One of my very
good college friends used to be very introvert and quiet kind of person. He
would come across as a very mature person for his age then. He used to be in
his little shell all the time, doing great things that he wanted to do very
quietly, not worrying about people around him.
Even if people would
give him hard time, he wouldn’t say anything. He would ignore them and move on
happily. If it’s his birthday, he won’t care whether anybody would wish him or
not. He would even forget to wish you on your birthday. If he wishes you - you
are lucky, he would not bring any gifts and the list goes on. But, yes, if you
ask him for help, he would be the one who is always ready, always there for
you, by your side. That was the best part of his friendship.
He would never
share how he feels about something that is going on around him. At times, I
would think I don’t know him. But I will always share all my worries and happy
thoughts with him. Many times I would share with him incidents that I hid deep
down in my heart.

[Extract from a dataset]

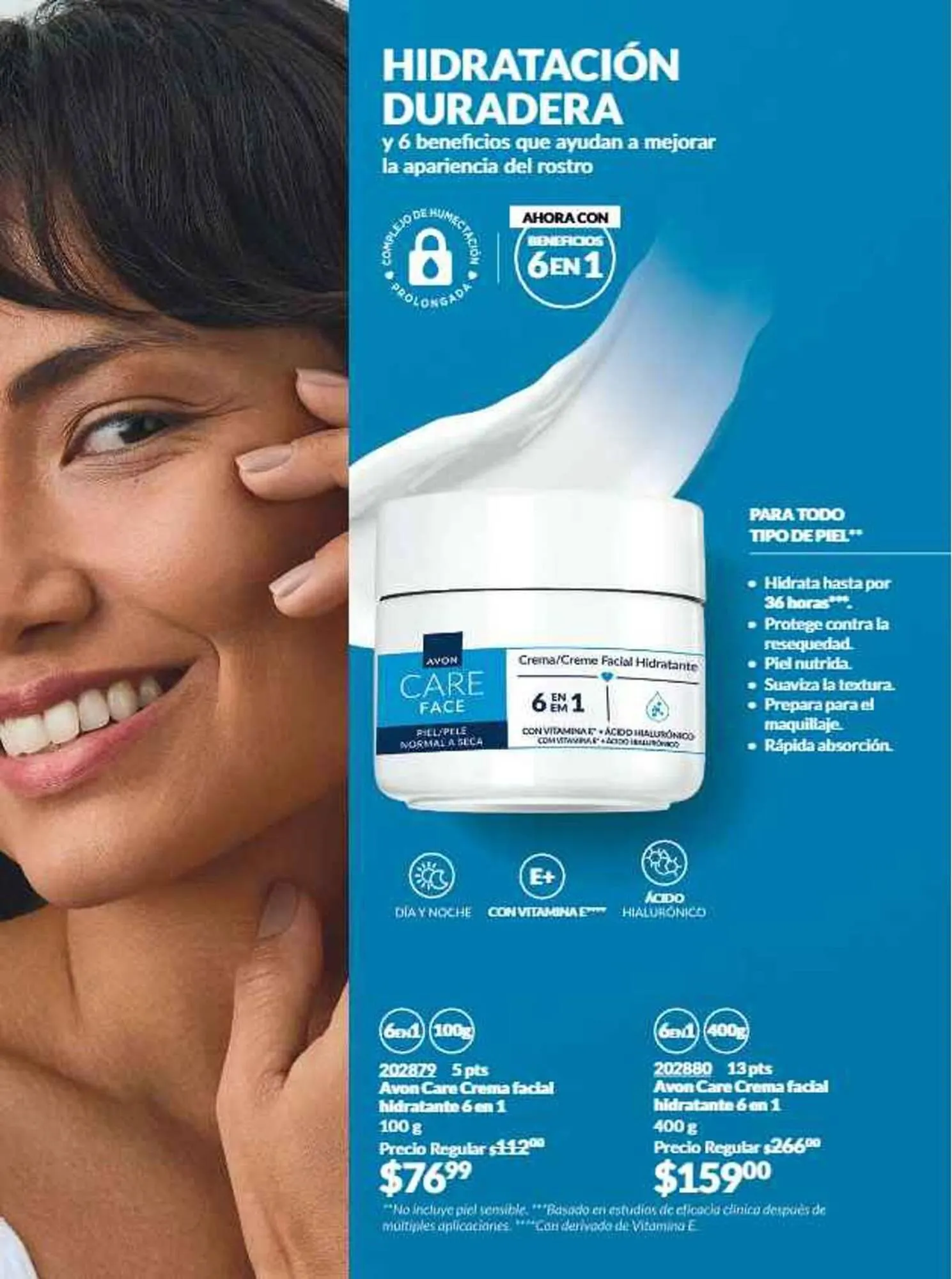 Catálogo de Catálogo Avon 18 de marzo al 14 de abril 2026 - Pagina 139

While reciting those happenings to him, I would cry. He would
not interrupt me a word, he would not tell me that it’s OK, things will be
fine. He would let me cry as much as I wanted. He would hear me out and would
say only one thing at the end, “That is why I say never expect anything
from anyone, and then you will never be disappointed.”
Thirteen years
back, I couldn’t be like him, no matter how hard I tried. It bothered me
what other people said especially if they said or did something that was not according
to my expectations.
First few times
when I heard it from him, my eyes were wide open, the tears stopped rolling
down and I wondered, “What is he saying? I don’t get it.”
Almost a decade
later, after getting hurt million times, shedding God knows how many tears, at
times screaming and yelling in loneliness, I have realized that my friend was
so right. Whenever I expected something from someone it always ended up
disappointing me. I was the one who was hurt the most. Person at the other end
never cared so much. If I was disappointed, I couldn’t speak up about it. I ended
up screaming at beloved people in my life including my mom, husband (the most) and
kids sometimes.
I feel expectation
is like termite. How termite has wood-eating habits that damages any wooden furniture
it lays its hands on. In similar ways, the expectation has peace-eating habits that
in turn spoils and damages your relationships. I don’t want my peace of mind be
eaten by stupid expectation. I have taught myself to not to expect from anyone
as much as possible.
It was not easy.
It cost me many sleepless nights, countless number of tears, racing heart,
screaming and yelling vocal cord, some fights with people around me, some
fights with myself and many years.
But finally, I am
on my way to not to expect. I am not 100% there yet, but I feel it is close
enough. Every time I see myself making U-turn from it, I remind myself of the verse
in Bhagawad Gita
Karmanye Vadhikaraste, Ma phaleshou kada chana
It means
you have the right to perform your actions, but you are not entitled to
the fruits of the actions. In other words don’t expect anything just keep
performing your actions.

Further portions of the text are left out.